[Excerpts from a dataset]
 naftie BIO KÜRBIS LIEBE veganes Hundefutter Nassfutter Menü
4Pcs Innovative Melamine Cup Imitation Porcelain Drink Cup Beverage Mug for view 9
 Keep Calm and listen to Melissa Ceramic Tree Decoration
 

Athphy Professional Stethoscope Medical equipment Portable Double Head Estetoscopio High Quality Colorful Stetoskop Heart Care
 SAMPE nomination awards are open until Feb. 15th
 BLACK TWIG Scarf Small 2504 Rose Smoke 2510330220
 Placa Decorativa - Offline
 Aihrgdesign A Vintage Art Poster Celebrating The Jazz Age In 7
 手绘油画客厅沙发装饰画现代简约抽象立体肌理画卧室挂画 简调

== ABOUT THIS EXERCISE ==
Transcribe the records above exactly, but only from the line that contains "BLACK TWIG Scarf" through their final line, inclusive.

== OUTPUT OF THE TASK ==
 BLACK TWIG Scarf Small 2504 Rose Smoke 2510330220
 Placa Decorativa - Offline
 Aihrgdesign A Vintage Art Poster Celebrating The Jazz Age In 7
 手绘油画客厅沙发装饰画现代简约抽象立体肌理画卧室挂画 简调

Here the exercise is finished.